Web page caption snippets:
=-=-=-=-=

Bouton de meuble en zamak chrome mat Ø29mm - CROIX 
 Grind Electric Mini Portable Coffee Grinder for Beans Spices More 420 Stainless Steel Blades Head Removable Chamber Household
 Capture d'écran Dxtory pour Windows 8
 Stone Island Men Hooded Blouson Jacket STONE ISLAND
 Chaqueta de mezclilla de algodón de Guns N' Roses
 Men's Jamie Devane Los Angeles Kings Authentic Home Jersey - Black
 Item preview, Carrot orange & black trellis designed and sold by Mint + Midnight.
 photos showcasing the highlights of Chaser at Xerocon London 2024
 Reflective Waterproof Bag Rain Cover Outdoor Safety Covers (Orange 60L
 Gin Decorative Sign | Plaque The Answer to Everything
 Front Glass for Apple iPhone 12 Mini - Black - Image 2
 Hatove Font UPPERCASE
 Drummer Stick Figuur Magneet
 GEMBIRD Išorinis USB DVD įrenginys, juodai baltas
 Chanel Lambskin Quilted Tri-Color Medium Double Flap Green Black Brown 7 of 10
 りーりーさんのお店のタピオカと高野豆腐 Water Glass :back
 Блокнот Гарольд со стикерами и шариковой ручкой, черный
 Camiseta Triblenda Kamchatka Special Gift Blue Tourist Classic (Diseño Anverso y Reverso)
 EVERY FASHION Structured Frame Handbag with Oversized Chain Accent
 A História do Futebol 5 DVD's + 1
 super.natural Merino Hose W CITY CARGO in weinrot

=-=-=-=-=

WHAT IS NEEDED:
Output all of the records above unchanged.

RESULT:
Bouton de meuble en zamak chrome mat Ø29mm - CROIX 
 Grind Electric Mini Portable Coffee Grinder for Beans Spices More 420 Stainless Steel Blades Head Removable Chamber Household
 Capture d'écran Dxtory pour Windows 8
 Stone Island Men Hooded Blouson Jacket STONE ISLAND
 Chaqueta de mezclilla de algodón de Guns N' Roses
 Men's Jamie Devane Los Angeles Kings Authentic Home Jersey - Black
 Item preview, Carrot orange & black trellis designed and sold by Mint + Midnight.
 photos showcasing the highlights of Chaser at Xerocon London 2024
 Reflective Waterproof Bag Rain Cover Outdoor Safety Covers (Orange 60L
 Gin Decorative Sign | Plaque The Answer to Everything
 Front Glass for Apple iPhone 12 Mini - Black - Image 2
 Hatove Font UPPERCASE
 Drummer Stick Figuur Magneet
 GEMBIRD Išorinis USB DVD įrenginys, juodai baltas
 Chanel Lambskin Quilted Tri-Color Medium Double Flap Green Black Brown 7 of 10
 りーりーさんのお店のタピオカと高野豆腐 Water Glass :back
 Блокнот Гарольд со стикерами и шариковой ручкой, черный
 Camiseta Triblenda Kamchatka Special Gift Blue Tourist Classic (Diseño Anverso y Reverso)
 EVERY FASHION Structured Frame Handbag with Oversized Chain Accent
 A História do Futebol 5 DVD's + 1
 super.natural Merino Hose W CITY CARGO in weinrot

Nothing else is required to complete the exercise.